Data extracted from a collection:
════════

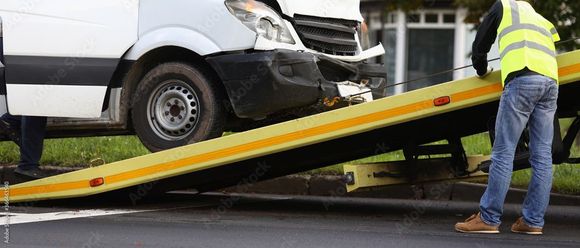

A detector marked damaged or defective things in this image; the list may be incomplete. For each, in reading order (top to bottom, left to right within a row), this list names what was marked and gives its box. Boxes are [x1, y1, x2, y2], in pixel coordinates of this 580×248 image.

broken headlight [225, 0, 294, 44]
damaged van [1, 0, 390, 151]
damaged front end [207, 49, 386, 119]
crushed front bumper [206, 49, 388, 119]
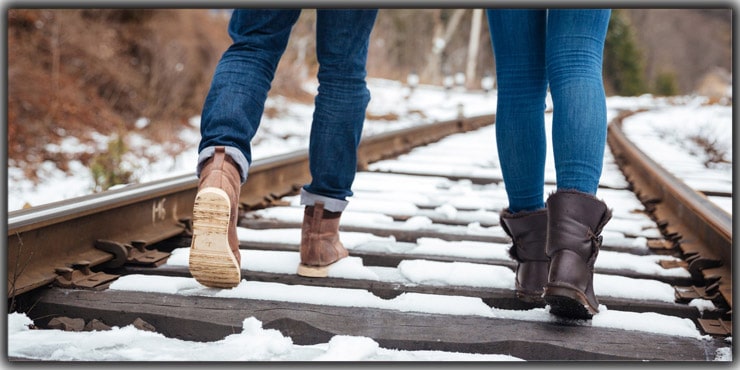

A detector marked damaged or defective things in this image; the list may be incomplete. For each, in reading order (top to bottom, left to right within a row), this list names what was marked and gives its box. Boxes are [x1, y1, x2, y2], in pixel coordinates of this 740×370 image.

rusty rail surface [7, 113, 498, 298]
rusty rail surface [608, 110, 732, 318]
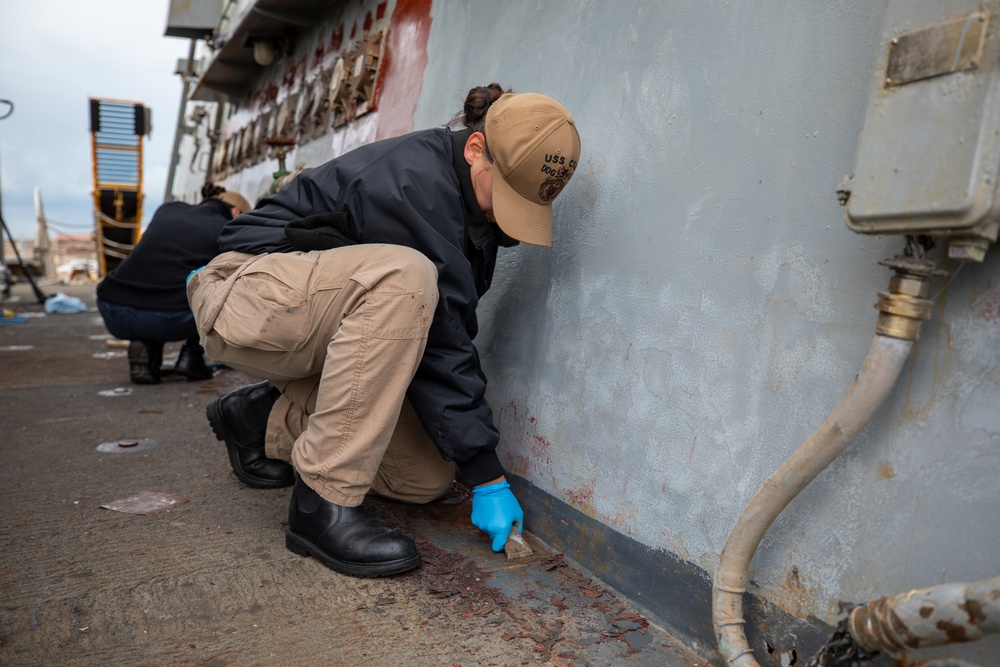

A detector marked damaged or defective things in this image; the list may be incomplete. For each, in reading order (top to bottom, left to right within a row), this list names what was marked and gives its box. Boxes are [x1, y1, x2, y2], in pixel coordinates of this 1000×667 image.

rusty pipe [712, 258, 936, 667]
rusty pipe [844, 576, 1000, 652]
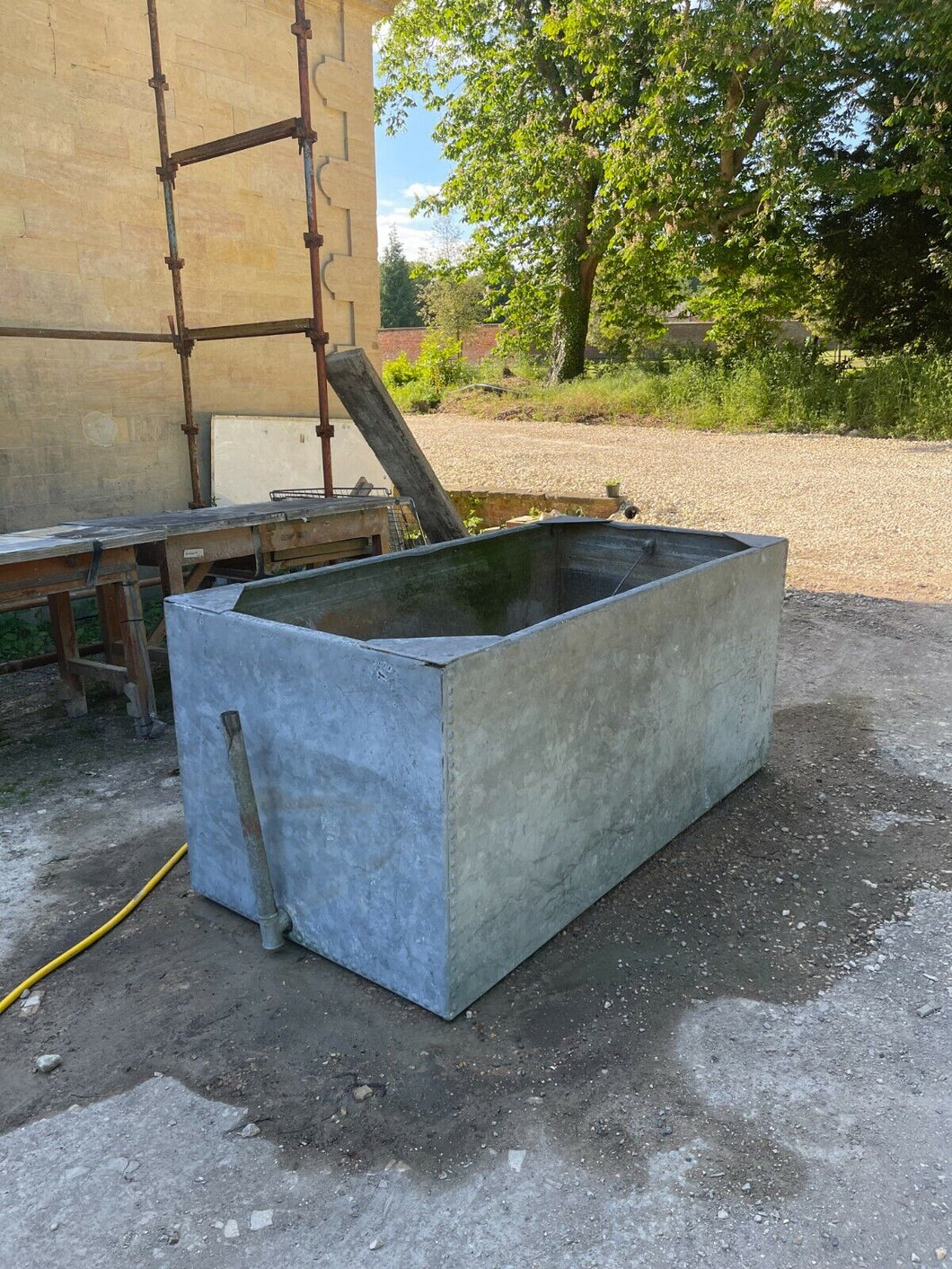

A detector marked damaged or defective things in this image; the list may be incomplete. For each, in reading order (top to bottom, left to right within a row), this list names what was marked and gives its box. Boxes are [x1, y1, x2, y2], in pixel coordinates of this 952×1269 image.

rusty scaffolding [0, 0, 334, 507]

════════

The problem: Please output all the data exactly as given, with the pictures omitted.

Result of the task:
A detector marked damaged or defective things in this image; the list may be incomplete. For each, in reading order (top to bottom, left to right within a row), this list names what was marked and gives its box. Boxes are [x1, y1, x2, y2], in pixel coordinates of this 580×248 image.

broken headlight [225, 0, 294, 44]
damaged van [1, 0, 390, 151]
damaged front end [207, 49, 386, 119]
crushed front bumper [206, 49, 388, 119]

A detector marked damaged or defective things in this image; the list may be incomplete. For each, in reading order (top to bottom, left to right within a row), this list names what was marked and gives its box. Boxes are [x1, y1, x2, y2], in pixel coordinates of this 740×370 image.

rusty rail surface [7, 113, 498, 298]
rusty rail surface [608, 110, 732, 318]

A detector marked damaged or defective things in this image; the list may be incomplete. For each, in reading order (top to bottom, left to right within a row), this list names what was marked and gives its box. Boxes are [x1, y1, x2, y2], in pixel coordinates of this 1000×667 image.

rusty pipe [712, 258, 936, 667]
rusty pipe [844, 576, 1000, 652]

A detector marked damaged or defective things in this image; the list may be incomplete. For each, in reading order (top to bottom, left to right within a row), this list names what was marked and gives its box. Boxes are [x1, y1, x2, y2], in pixel coordinates of this 952×1269 image.

rusty scaffolding [0, 0, 334, 507]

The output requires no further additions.